Ammo Update: Shortage Reaching Foreign Soil, ATK Profits Up Despite Decline in Defense Sales

Australian shooters

The ongoing ammunition shortage that has left police departments unable to find ammo for themselves, forcing departments to use training simulators and airsoft as firearm alternatives, not to mention shooters everywhere desperate for just one box of whatever caliber they’ve been unable to find for weeks, is officially spreading to other nations. 

Now suppliers in Australia and New Zealand are starting to rumble about the difficulties of finding ammunition and ammo components.

As it stands, some calibers — it shouldn’t be hard to guess which ones — are almost completely sold out in both countries, and the shortage is expected to last about six months until mostly foreign manufacturers catch up to their orders.

Australia’s shooting suppliers import about 80 percent of their ammo from the U.S.

“Basically the American community is consuming the ammunition and the ammunition manufacturers can’t keep up,” said importer Jade Cleaver to ABC Australia. ”There’s only so much they can produce.”

Like in the U.S., some Australian law enforcement agencies are finding ammo hard to find, too.

Australian farmers have been adding pressure to the ammo market after a long rainy season that has left farmers with a surplus of varmints.

Alliant Techsystems, on the other hand, is not struggling with much at all, save for keeping up with orders. The multi-platform conglomerate of aerospace and defense manufacturing as well as ammo and shooting sports supplier is reporting gains despite defense spending cuts. 

Sporting sales increased by 15 percent this year, bringing $1.16 billion in total, offsetting the 14 percent drop in their defense sales. Their defense group still reported $1.96 billion in earnings.

savage armsLast month ATK bought Savage Arms — specifically, the Caliber Company, which owns Savage — for $315 million. The deal is expected to close completely by the end of this month.

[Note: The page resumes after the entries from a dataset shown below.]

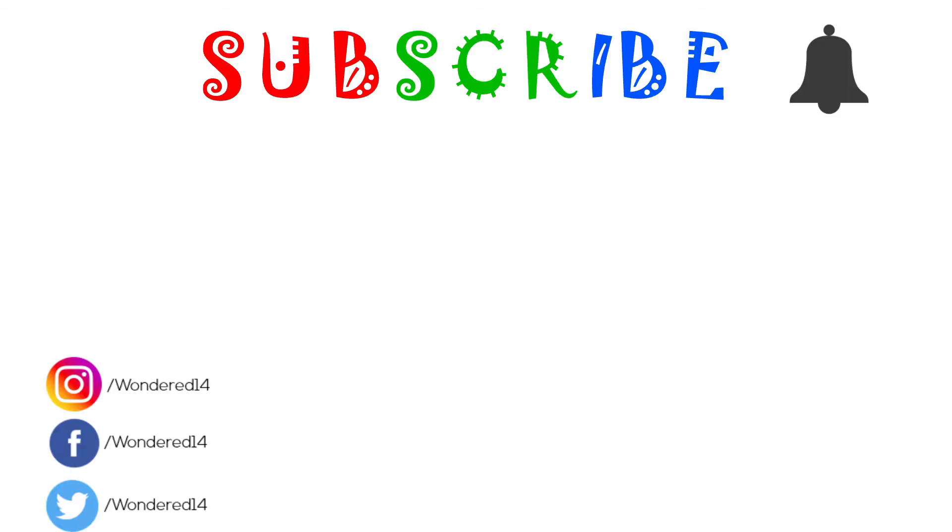Subscribe for more videos, turn on post notification, like the video if you do. Thanks for watching.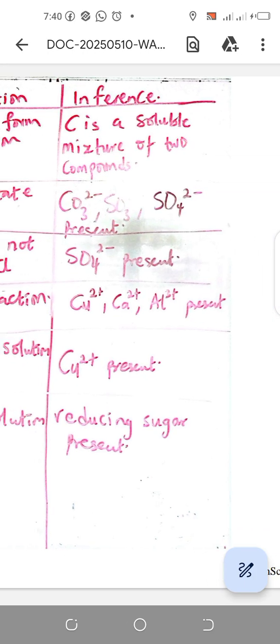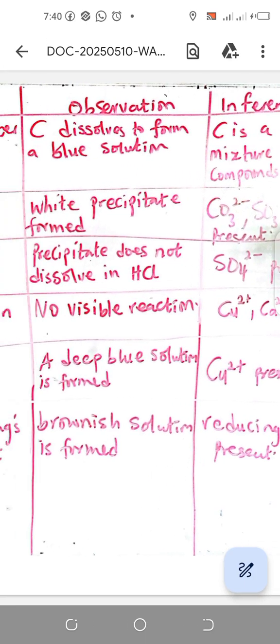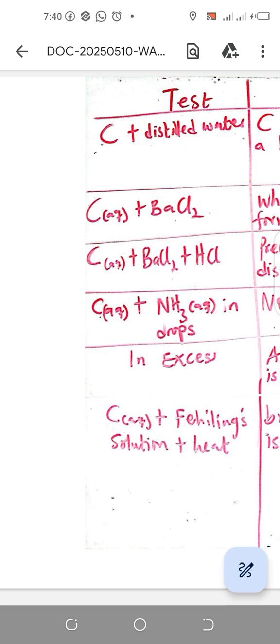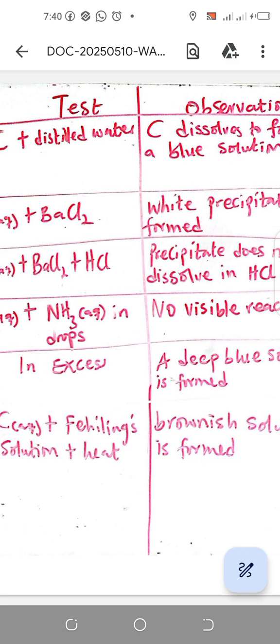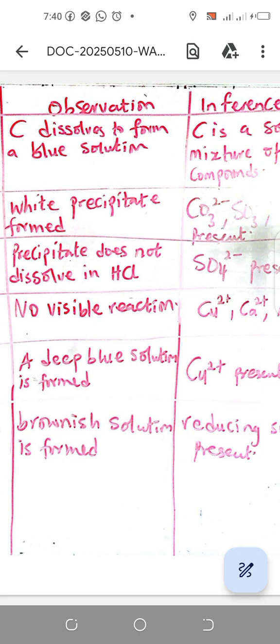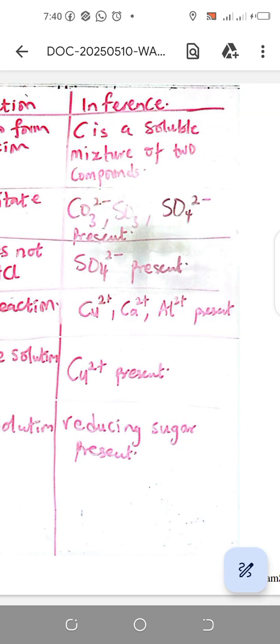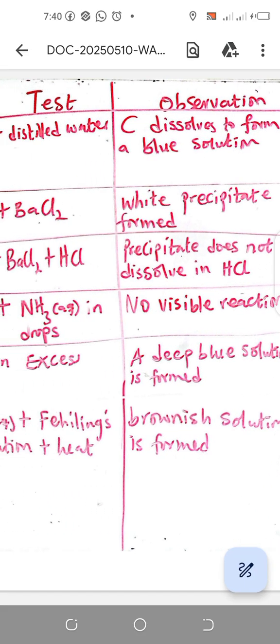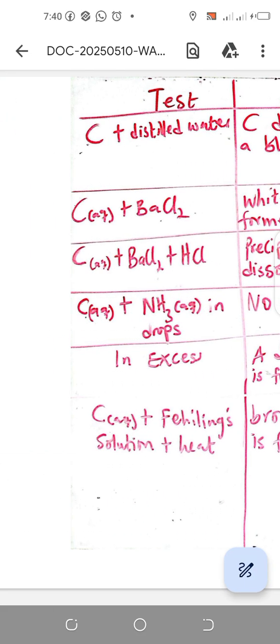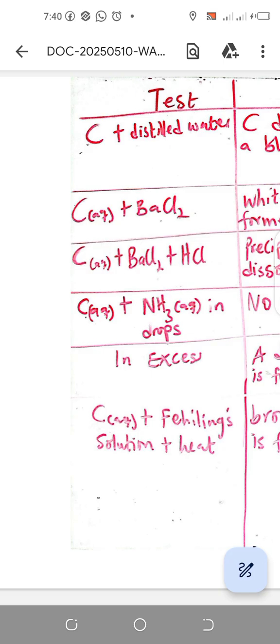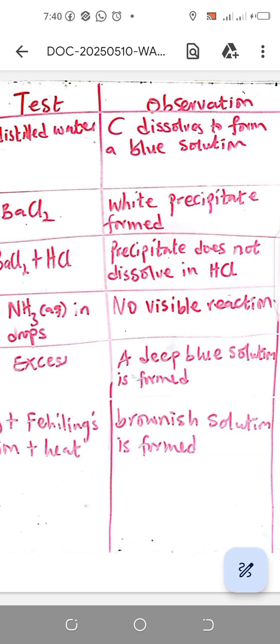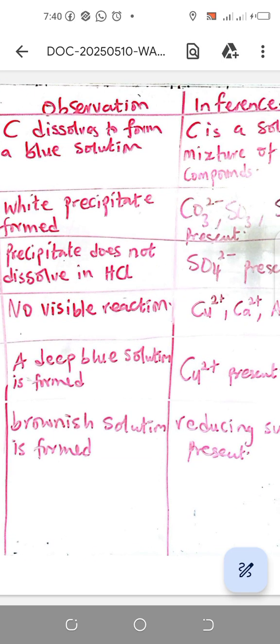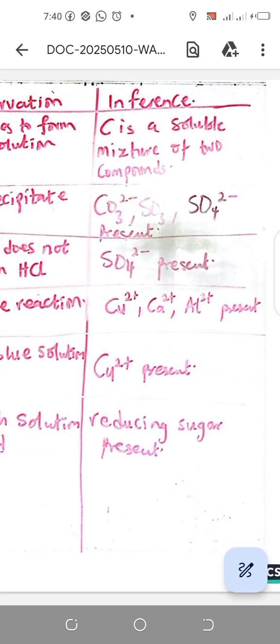Another test is C aqueous plus ammonia in drops. We see no visible reaction, and we can conclude probably it would be Cu^2+, Ca^2+, and Al^3+ that might be present. If you add this in excess, you would see a deep blue solution that confirms copper.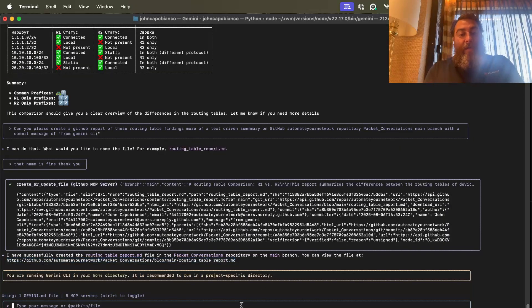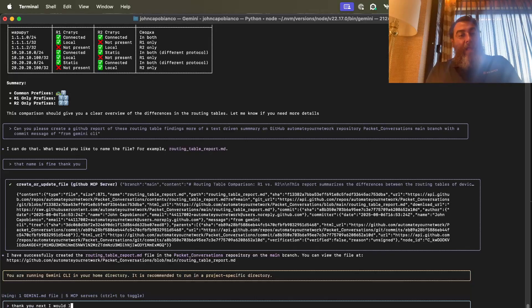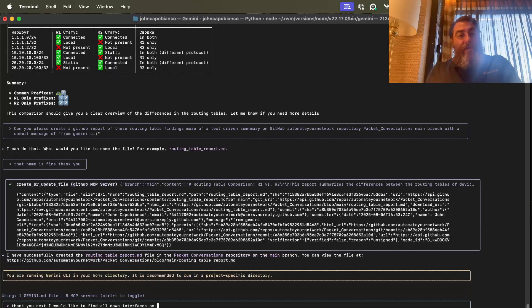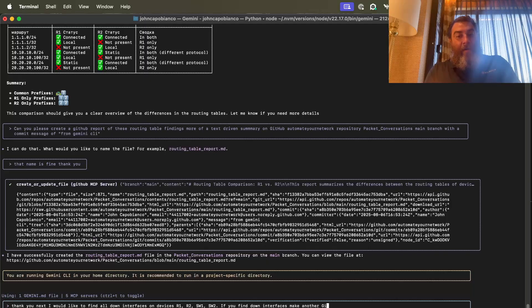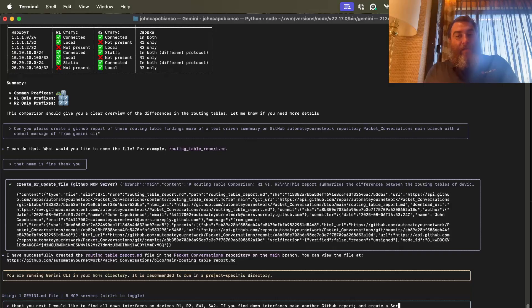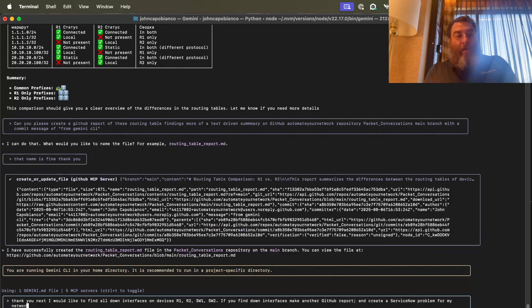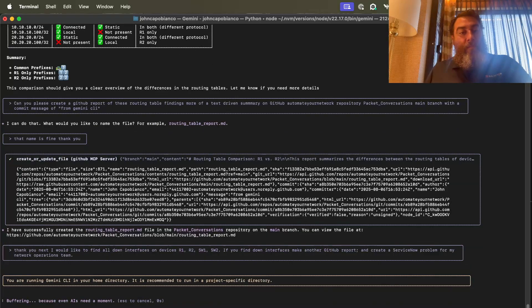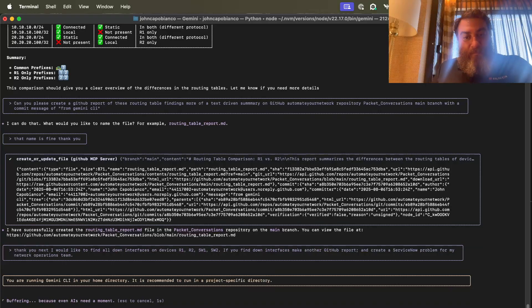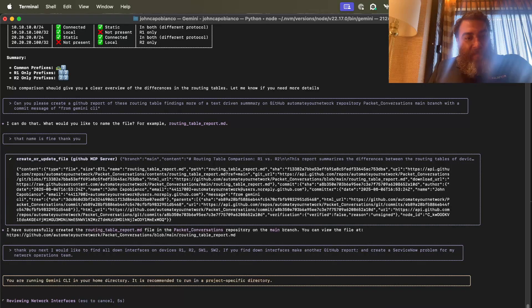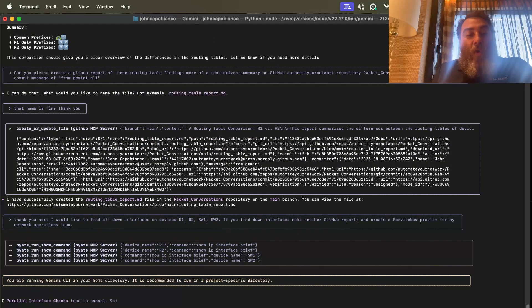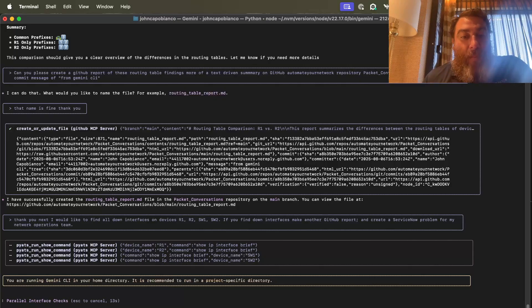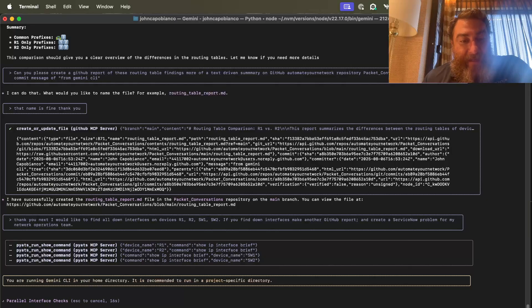Okay, so thank you. Next, I would like to find all down interfaces on devices R1, R2, switch1, switch2. If you find down interfaces, make another GitHub report and create a service now problem for my network operations team. Cool. So reviewing network interfaces. Look at this. Yes, it's going to run it on all four devices in parallel, PyATS. It's spawning them as threads in the CLI. That is a really cool unexpected feature.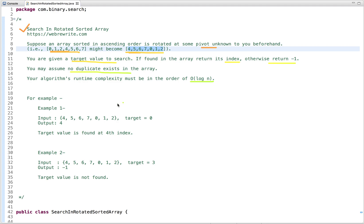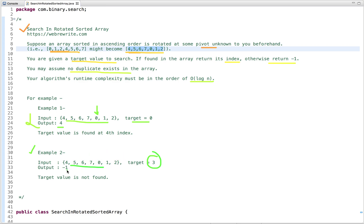Let's take a few examples. In the first example, the sorted array is rotated some number of times and the target value is zero. We have to search zero in this rotated sorted array. Zero is found at index four, so we return four. In example two, we have to search three in this rotated sorted array. Three is not present in this array, so we return minus one.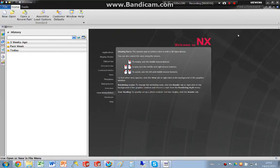Hello, so continuing with the bolt preload, I'm going to do a bolt preload but using 2D elements.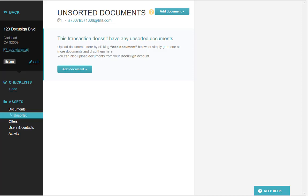Once you've connected your DocuSign account to your Brokerman account, you will now have a new button in your unsorted documents. When you click on add document, you'll have the ability to pull from DocuSign.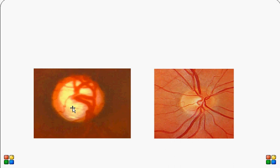To summarize: glaucoma has three characteristic features — increased intraocular pressure, optic disc cupping, and visual field defects. Hope you liked this short talk on glaucoma.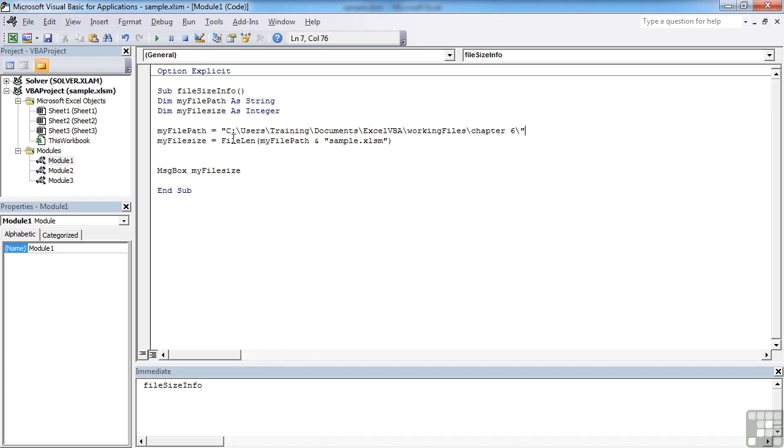MyFileSize is then going to work out the file length. So that's your VBA built-in function using the file path and then concatenating on the file name. So you can see you could use this anywhere really to figure out the file size of an Excel file, actually not even just an Excel file, to find out the file size of any file on your system.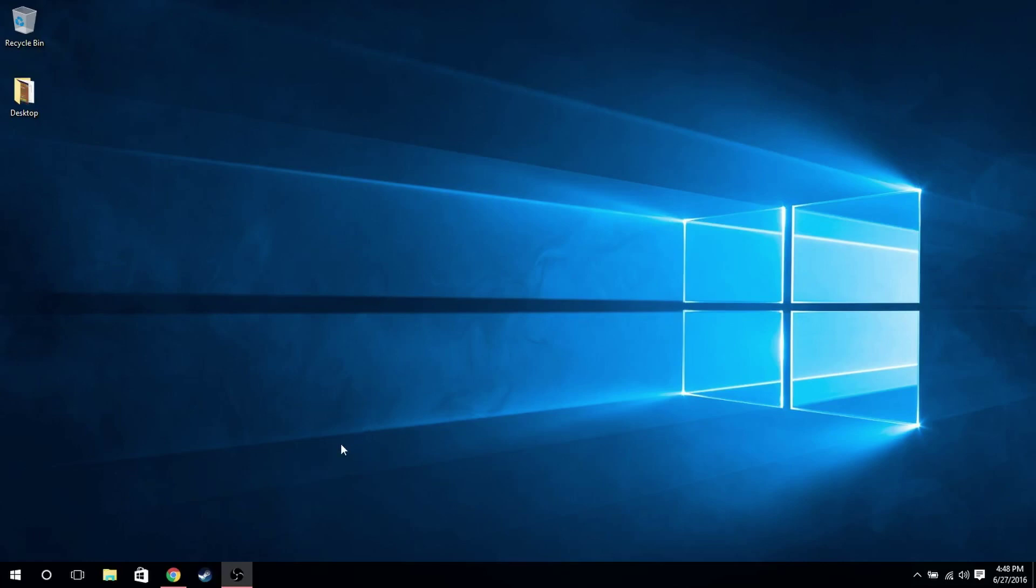Just wait a bit, because sometimes the device takes a while to recognize the network. You may also have to restart the device if it's on, but after that, it works perfectly fine.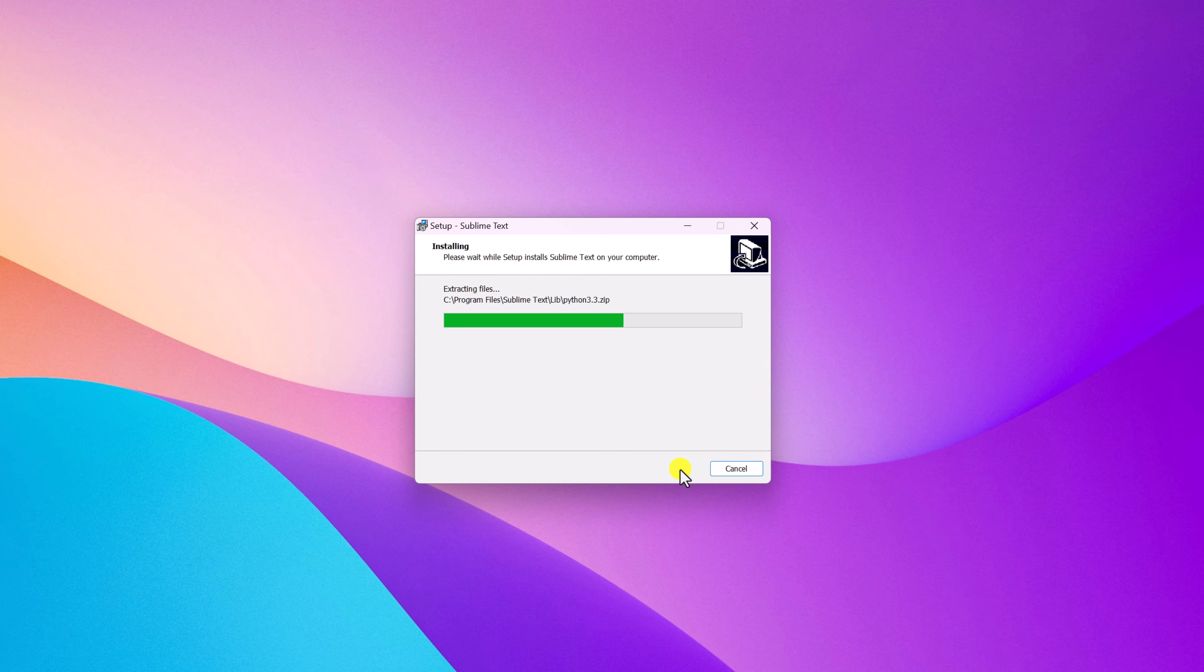So that's it. This is how you can download and install Sublime Text on Windows operating system. I hope this video was helpful to you. If you found this video helpful, don't forget to hit that like button and subscribe to the channel for more videos like this. Bye for now. See you in the next video.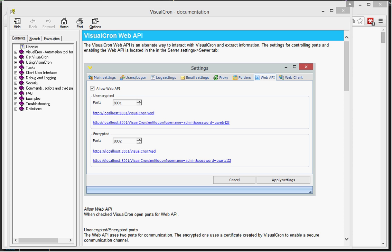In this session we are going to talk about the Web API. As you may know, we have the .NET API today which is focused on .NET developers. We want to keep focusing on developers but also give our more advanced users alternative ways to extract information from VisualCron.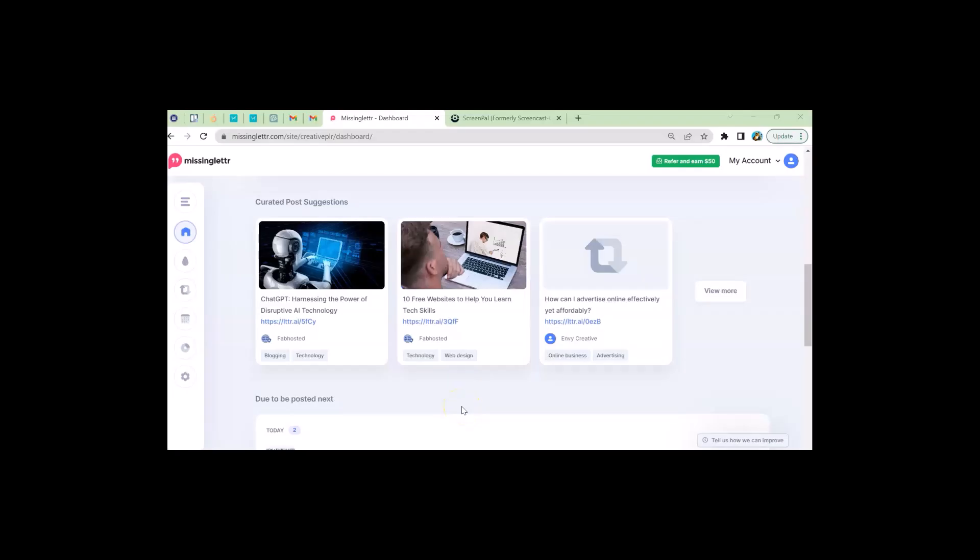Hi, it's Linda with CreativePLR.com and today I'm in Missing Letter. Missing Letter is a great tool to promote your blog post and post it to things like Facebook, Instagram, Twitter, LinkedIn, and other social media platforms.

ATK president and CEO Mark DeYoung attributes the growth in business to running the defense and sporting groups differently, with the sporting group running like other commercial manufacturers and not like a defense contractor.

“We put a business model in there that was consumer-centric, brand-centric,” DeYoung said to the Washington Post. The move to buy Savage gave ATK the ability to manufacture everything from the gun to the ammo and all its accessories. “It’s going to allow us to be a one-stop shop.”

ATK consultant Michael S. Lewis said he hopes to see the sporting group overtake the defense group in the long term.